Supplied information:
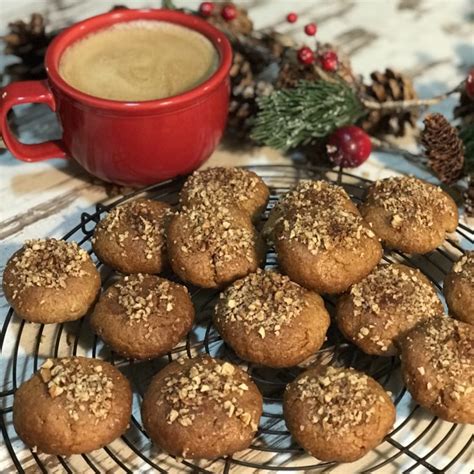 Rich christmas cookies are one of the archetypical german culinary traditions, and those fabulous smells are found in homes and outdoor christmas markets in november and december. Traditional Greek Christmas Cookies...Melomakarona! | My ...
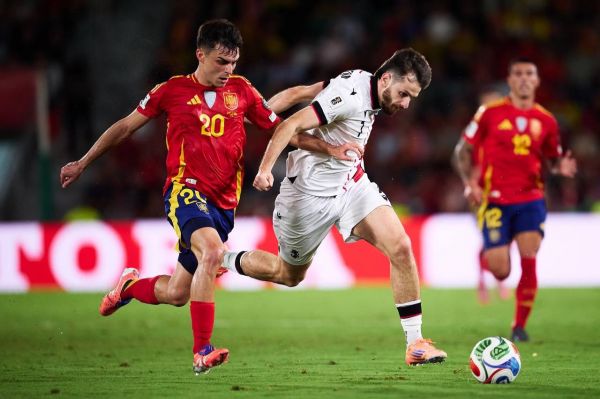  برد خفیف لاروخا و حفظ روند پیروزی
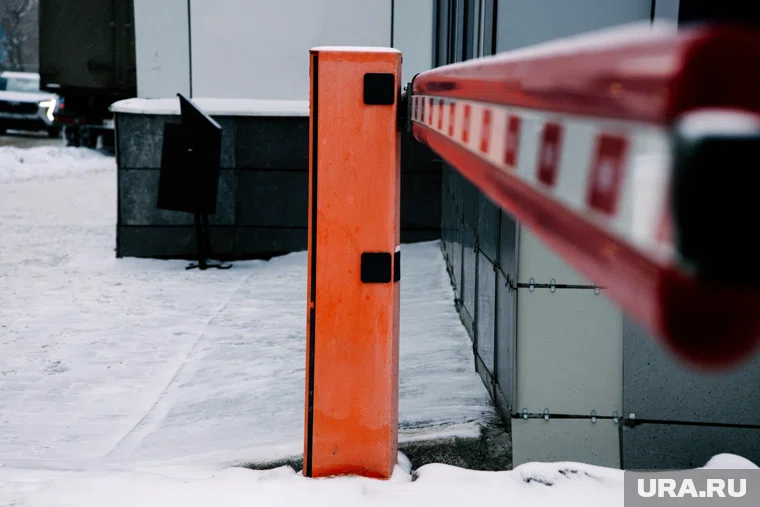В Кургане появится шлагбаум во дворе многоквартирного дома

Exercise prompt:
Would you return all of the data above word for word, omitting every picture?

Result of the exercise:
 Rich christmas cookies are one of the archetypical german culinary traditions, and those fabulous smells are found in homes and outdoor christmas markets in november and december. Traditional Greek Christmas Cookies...Melomakarona! | My ...
  برد خفیف لاروخا و حفظ روند پیروزی
В Кургане появится шлагбаум во дворе многоквартирного дома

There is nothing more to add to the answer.